The estimated correlation coefficient between labor freedom score and unionization is positive (0.18) and statistically significant at 90% confidence level but not at 95% confidence level, supporting our expectation that more labors in unions increases labor freedom in a country. But we only have a moderate level of confidence on our result.

3. Adding lines and labels to a graph

We might want to add a horizontal line drawn at mean(Y) and a vertical line drawn at mean(X) to facilitate interpretation of the X-Y relationship. Let’s see how we do this.

Recall that the unions variable has as many as 100 missing values.

summary(world.data $ unions)
##    Min. 1st Qu.  Median    Mean 3rd Qu.    Max.    NA's 
##    2.00   11.45   19.10   24.74   30.80   96.10     100

This means that the mean of Y (free_labor) calculated for the whole sample will probably be different from the mean of Y calculated for the sample where unions is not missing. To simplify our jobs, let’s first create a new data set that excludes those observations where at least one of the two variables is missing.

lab.data <- world.data[is.na(world.data $ unions) == FALSE & is.na(world.data $ free_labor) == FALSE, ]
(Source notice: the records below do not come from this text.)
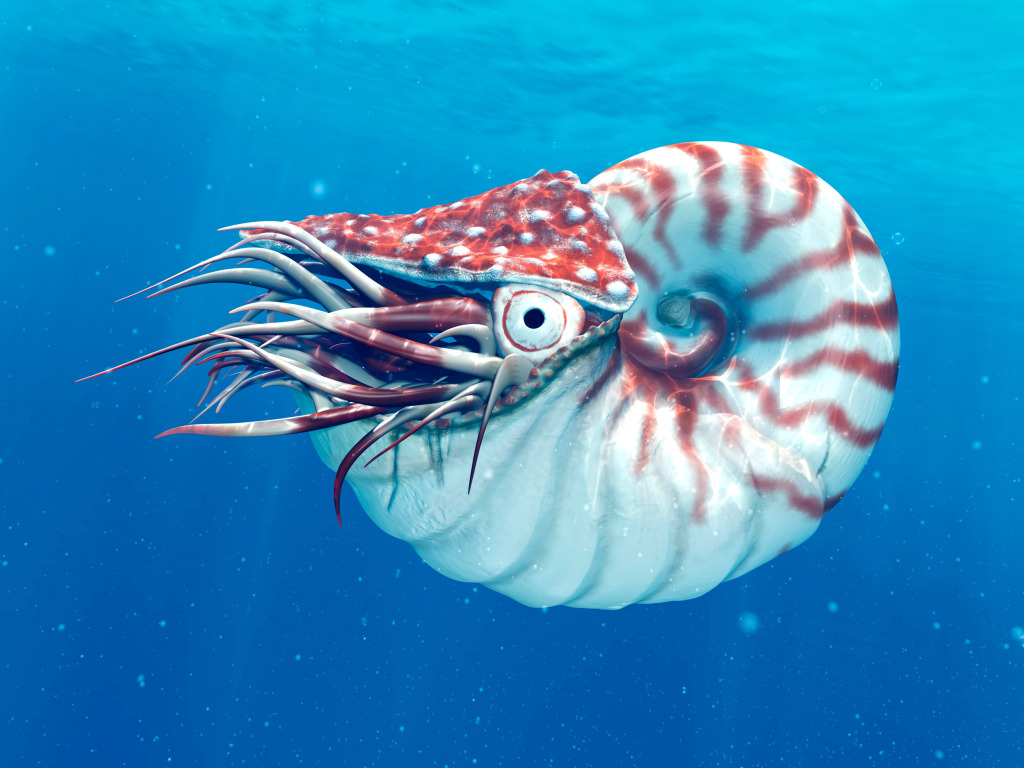 Nautilus, illustration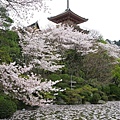 日本京都-japan-58.jpg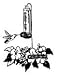 Hummingb Planter Feeder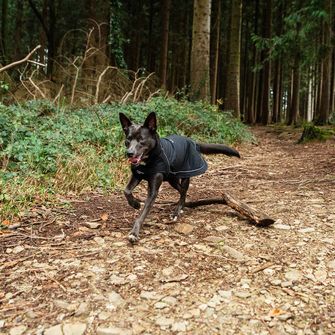 Mountain Paws Câine pelerină mică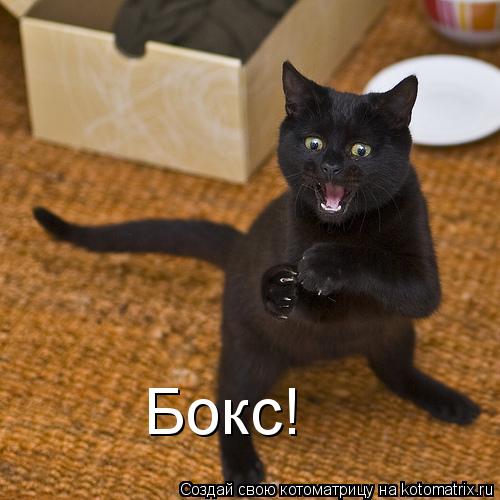 Бокс!... Котоматрица: Бокс!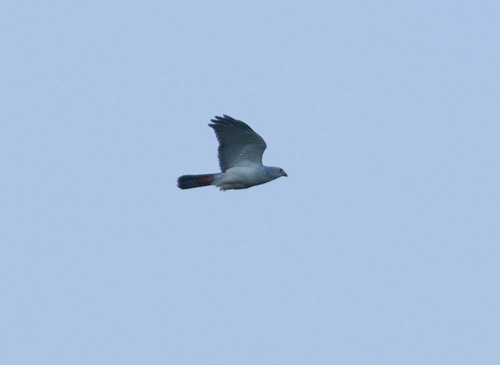 Grey-headed Goshawk (Tachyspiza poliocephala), photo 5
# Then we calculate the mean values:

mean.y <- mean(lab.data $ free_labor)
mean.x <- mean(lab.data $ unions)

mean.y
## [1] 61.65714
mean.x
## [1] 24.73846

We use the geom_hline to draw a horizontal line and the geom_vline to draw a vertical line

g <- ggplot( lab.data, aes( x = unions, y = free_labor) ) + geom_point( )  + theme_bw()
g <- g + ylab("Labor freedom") + xlab("Percent laborers in unions")
g <- g + geom_hline( aes( yintercept = mean.y))
g <- g + geom_vline( aes( xintercept = mean.x))
g

We may also want to add labels to each point so that we can know which country observation is plotted. We use the geom_text function

g <- ggplot(lab.data, aes( x = unions, y = free_labor) ) + geom_point()  + theme_bw()
g <- g + geom_text(aes(label = country))
g <- g + ylab("Labor freedom") + xlab("Percent laborers in unions")
g <- g + geom_hline( aes( yintercept = mean.y))
g <- g + geom_vline( aes( xintercept = mean.x))
g

Ugly right? What do we do if we want to avoid labels overlapping on points?

library(ggrepel)

g <- ggplot(lab.data, aes( x = unions, y = free_labor) ) + geom_point()  + theme_bw()
g <- g + geom_label_repel(aes(label = country, size =12))
g <- g + ylab("Labor freedom") + xlab("Percent laborers in unions")
g <- g + geom_hline( aes( yintercept = mean.y))
g <- g + geom_vline( aes( xintercept = mean.x))
g
## Warning: ggrepel: 58 unlabeled data points (too many overlaps). Consider
## increasing max.overlaps
Now it’s easier for us to see outliers.

Some labels are not shown. We can follow the instructoin by increasing max.overlaps

library(ggrepel)
options(ggrepel.max.overlaps = Inf) # show all labels 

g <- ggplot(lab.data, aes( x = unions, y = free_labor) ) + geom_point()  + theme_bw()
# g <- g + geom_text(aes(label = country))
# g <- g + geom_text_repel(aes(label = country))
g <- g + geom_label_repel(aes(label = country, size =12))
g <- g + ylab("Labor freedom") + xlab("Percent laborers in unions")
g <- g + geom_hline( aes( yintercept = mean.y))
g <- g + geom_vline( aes( xintercept = mean.x))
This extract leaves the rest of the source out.